Dynamic Exploratory Data Analysis with Streamlit
- Client or Institution: Internal / Random Project
- Project Goal: Create a user-friendly web app for dynamic exploratory data analysis (EDA) of any tabular dataset with numeric and categorical features
- Tools Used: Python, Pandas, Scikit-learn, Seaborn, Streamlit
- Duration: 1.5 weeks
- Outcome: Interactive Streamlit app that supports comprehensive univariate, bivariate, multivariate, and dimensionality-reduction visualizations
- Live App: Visit Streamlit App
- GitHub: Source Code
Upload. Explore. Visualize. Understand.
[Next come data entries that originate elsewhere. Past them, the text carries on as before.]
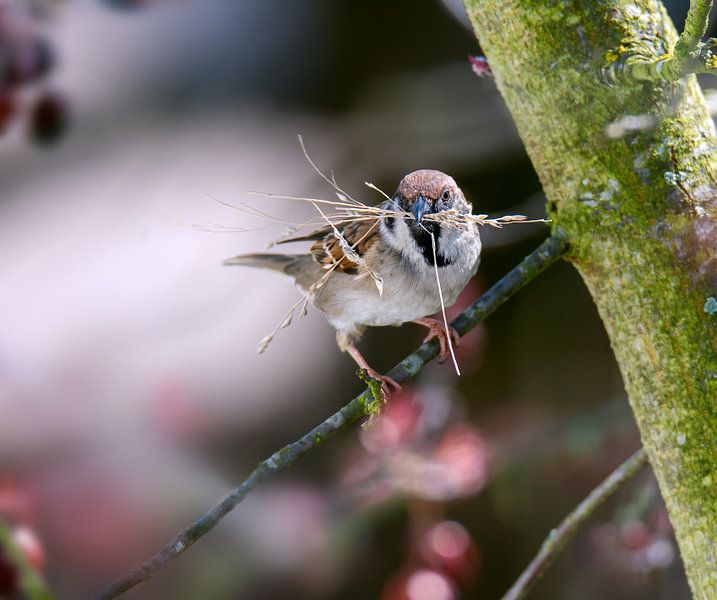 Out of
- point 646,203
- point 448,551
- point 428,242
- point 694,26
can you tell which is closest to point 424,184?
point 428,242

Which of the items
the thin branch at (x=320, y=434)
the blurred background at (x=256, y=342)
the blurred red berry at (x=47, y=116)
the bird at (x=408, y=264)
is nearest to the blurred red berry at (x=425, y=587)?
the blurred background at (x=256, y=342)

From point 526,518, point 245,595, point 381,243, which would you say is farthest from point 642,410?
point 526,518

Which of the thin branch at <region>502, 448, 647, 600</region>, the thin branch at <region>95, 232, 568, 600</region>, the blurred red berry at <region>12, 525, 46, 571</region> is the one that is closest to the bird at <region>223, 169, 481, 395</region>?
the thin branch at <region>95, 232, 568, 600</region>

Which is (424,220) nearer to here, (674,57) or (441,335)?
(441,335)

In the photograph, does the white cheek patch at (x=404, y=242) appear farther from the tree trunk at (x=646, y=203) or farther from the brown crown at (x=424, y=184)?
the tree trunk at (x=646, y=203)

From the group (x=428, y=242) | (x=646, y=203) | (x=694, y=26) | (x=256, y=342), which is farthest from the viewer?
(x=256, y=342)

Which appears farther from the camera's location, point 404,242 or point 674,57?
point 404,242

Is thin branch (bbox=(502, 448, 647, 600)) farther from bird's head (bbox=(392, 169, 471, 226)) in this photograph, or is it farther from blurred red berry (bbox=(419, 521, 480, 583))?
blurred red berry (bbox=(419, 521, 480, 583)) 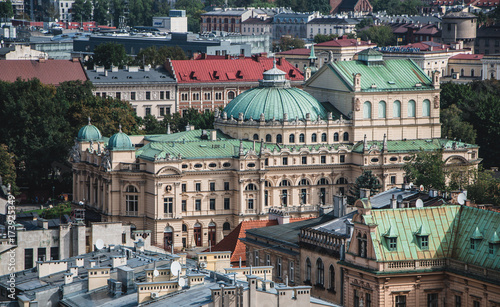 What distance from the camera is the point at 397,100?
197250 mm

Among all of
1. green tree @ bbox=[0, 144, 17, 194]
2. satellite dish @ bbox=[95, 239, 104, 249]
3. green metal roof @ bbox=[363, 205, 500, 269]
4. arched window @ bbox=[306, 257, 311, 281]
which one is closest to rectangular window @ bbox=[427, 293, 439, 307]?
green metal roof @ bbox=[363, 205, 500, 269]

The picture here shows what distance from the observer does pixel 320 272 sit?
12081 cm

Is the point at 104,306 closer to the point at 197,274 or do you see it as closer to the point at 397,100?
the point at 197,274

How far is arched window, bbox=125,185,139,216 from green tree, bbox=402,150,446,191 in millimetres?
33053

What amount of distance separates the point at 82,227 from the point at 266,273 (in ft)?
96.5

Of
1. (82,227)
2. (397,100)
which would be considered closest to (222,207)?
(397,100)

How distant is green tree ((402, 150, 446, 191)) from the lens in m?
172

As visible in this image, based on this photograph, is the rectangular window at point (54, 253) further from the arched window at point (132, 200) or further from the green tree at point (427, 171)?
the green tree at point (427, 171)

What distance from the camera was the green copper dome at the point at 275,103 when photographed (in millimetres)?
191125

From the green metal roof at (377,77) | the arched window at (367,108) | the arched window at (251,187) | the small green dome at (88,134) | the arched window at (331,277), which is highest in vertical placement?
the green metal roof at (377,77)

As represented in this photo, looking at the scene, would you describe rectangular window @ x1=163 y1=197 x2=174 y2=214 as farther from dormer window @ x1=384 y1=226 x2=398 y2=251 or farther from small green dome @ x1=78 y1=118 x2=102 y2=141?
dormer window @ x1=384 y1=226 x2=398 y2=251

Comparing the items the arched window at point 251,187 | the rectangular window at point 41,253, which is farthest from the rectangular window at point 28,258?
the arched window at point 251,187

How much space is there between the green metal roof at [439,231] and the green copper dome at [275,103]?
7909 cm

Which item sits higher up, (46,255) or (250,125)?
(250,125) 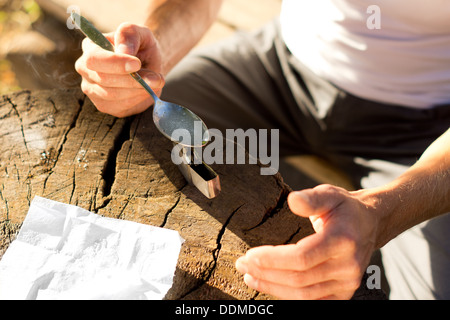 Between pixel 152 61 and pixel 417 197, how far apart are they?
2.56ft

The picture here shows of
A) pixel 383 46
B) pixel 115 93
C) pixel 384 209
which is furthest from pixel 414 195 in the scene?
pixel 115 93

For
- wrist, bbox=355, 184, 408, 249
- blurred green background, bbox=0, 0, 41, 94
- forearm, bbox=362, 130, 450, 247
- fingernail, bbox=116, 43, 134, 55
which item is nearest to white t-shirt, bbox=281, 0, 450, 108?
forearm, bbox=362, 130, 450, 247

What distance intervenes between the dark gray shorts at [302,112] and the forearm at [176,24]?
0.11m

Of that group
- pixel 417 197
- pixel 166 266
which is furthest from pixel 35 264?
pixel 417 197

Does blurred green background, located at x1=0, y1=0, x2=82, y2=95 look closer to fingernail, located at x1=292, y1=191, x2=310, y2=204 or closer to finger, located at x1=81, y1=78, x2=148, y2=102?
finger, located at x1=81, y1=78, x2=148, y2=102

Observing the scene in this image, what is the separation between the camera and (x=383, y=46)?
1316 mm

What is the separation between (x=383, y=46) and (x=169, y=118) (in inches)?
28.4

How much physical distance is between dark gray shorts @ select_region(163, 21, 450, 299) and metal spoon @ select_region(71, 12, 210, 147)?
0.41 meters

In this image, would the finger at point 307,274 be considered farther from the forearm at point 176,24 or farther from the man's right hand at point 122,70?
the forearm at point 176,24

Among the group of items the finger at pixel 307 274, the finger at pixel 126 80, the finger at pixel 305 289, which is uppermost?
the finger at pixel 126 80

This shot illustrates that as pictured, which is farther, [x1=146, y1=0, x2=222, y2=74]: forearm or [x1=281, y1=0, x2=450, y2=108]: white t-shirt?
[x1=146, y1=0, x2=222, y2=74]: forearm

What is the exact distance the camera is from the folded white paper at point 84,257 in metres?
0.84

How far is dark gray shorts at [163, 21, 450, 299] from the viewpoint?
1.39 m

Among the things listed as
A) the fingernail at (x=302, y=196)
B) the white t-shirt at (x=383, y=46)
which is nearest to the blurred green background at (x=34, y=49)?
the white t-shirt at (x=383, y=46) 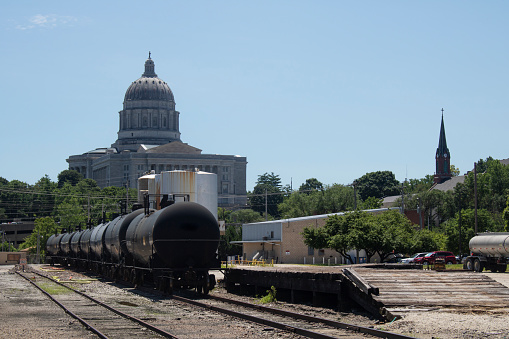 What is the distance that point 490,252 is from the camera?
4809cm

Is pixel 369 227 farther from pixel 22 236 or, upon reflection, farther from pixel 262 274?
pixel 22 236

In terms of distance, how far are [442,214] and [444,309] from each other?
116 m

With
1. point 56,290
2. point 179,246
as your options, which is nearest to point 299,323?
point 179,246

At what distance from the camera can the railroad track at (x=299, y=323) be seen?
16264mm

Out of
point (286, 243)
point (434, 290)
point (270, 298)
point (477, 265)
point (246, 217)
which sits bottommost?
point (270, 298)

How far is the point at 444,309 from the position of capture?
19156 mm

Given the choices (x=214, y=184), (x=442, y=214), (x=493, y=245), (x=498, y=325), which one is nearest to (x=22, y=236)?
(x=442, y=214)

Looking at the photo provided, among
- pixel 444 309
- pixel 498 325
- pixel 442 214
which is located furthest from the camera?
pixel 442 214

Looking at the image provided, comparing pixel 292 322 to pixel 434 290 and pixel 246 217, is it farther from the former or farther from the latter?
pixel 246 217

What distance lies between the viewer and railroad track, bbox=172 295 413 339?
16264 millimetres

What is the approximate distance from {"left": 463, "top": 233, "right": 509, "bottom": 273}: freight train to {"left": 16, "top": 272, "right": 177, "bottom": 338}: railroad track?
28.7 meters

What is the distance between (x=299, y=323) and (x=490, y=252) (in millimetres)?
32684

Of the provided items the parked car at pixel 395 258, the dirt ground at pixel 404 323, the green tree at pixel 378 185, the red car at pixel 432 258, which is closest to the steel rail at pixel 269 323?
the dirt ground at pixel 404 323

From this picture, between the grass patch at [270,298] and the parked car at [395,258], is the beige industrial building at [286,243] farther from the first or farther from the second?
the grass patch at [270,298] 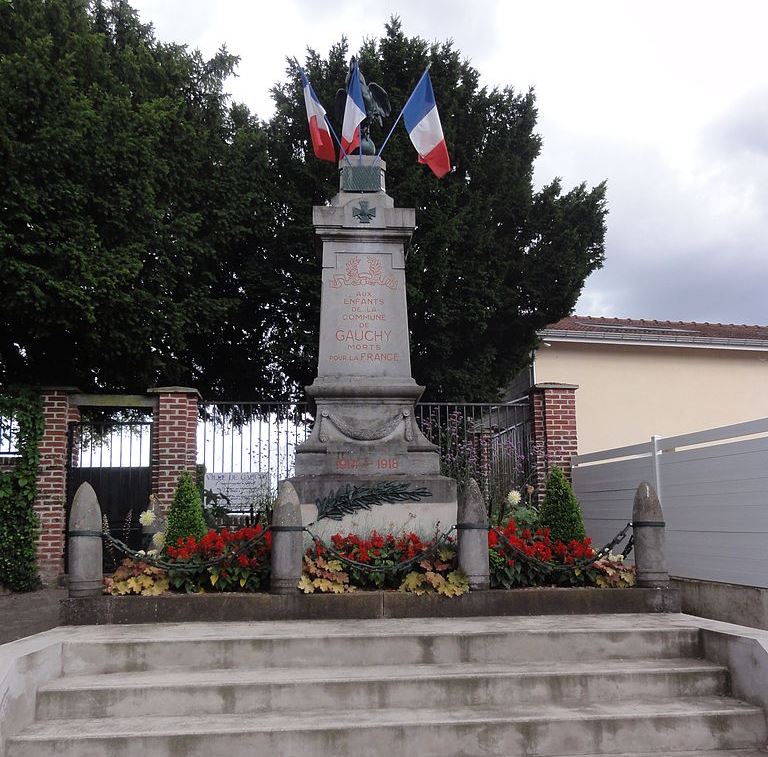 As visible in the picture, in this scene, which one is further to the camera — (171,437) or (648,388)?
(648,388)

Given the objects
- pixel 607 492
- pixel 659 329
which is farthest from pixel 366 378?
pixel 659 329

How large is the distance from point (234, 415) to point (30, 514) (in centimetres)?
350

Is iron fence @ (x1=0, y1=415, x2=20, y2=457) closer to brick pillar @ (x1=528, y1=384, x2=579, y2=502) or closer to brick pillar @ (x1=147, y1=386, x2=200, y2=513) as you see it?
brick pillar @ (x1=147, y1=386, x2=200, y2=513)

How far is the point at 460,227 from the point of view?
1466 cm

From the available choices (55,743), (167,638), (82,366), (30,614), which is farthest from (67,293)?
(55,743)

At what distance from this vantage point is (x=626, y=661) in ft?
17.6

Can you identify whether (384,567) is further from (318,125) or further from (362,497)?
(318,125)

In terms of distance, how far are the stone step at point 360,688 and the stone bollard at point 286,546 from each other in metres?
1.06

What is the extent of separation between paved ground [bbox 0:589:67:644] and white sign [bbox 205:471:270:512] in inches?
98.8

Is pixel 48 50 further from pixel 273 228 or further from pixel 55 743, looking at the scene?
pixel 55 743

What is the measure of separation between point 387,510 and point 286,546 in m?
1.67

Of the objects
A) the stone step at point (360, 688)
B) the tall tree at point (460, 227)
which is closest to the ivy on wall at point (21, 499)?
the tall tree at point (460, 227)

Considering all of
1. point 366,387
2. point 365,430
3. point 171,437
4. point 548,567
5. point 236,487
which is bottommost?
point 548,567

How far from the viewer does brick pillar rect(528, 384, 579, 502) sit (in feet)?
37.9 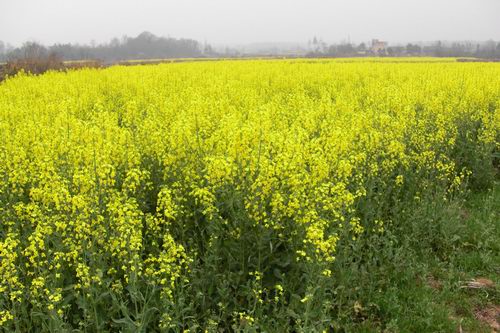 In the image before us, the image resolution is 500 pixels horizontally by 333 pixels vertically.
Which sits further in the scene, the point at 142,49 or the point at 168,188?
the point at 142,49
All in One Click.
Abstract
The Dynamic Exploratory Data Analysis app empowers users—regardless of coding skill—to perform meaningful EDA by simply uploading a CSV file. Built with Streamlit, the app intelligently detects data types and offers insightful plots across several tabs: Univariate, Bivariate, Multivariate, and PCA.
The app allows analysts, students, and researchers to visualize trends, detect patterns, identify class imbalance, and uncover dimensionality relationships—all in a few clicks.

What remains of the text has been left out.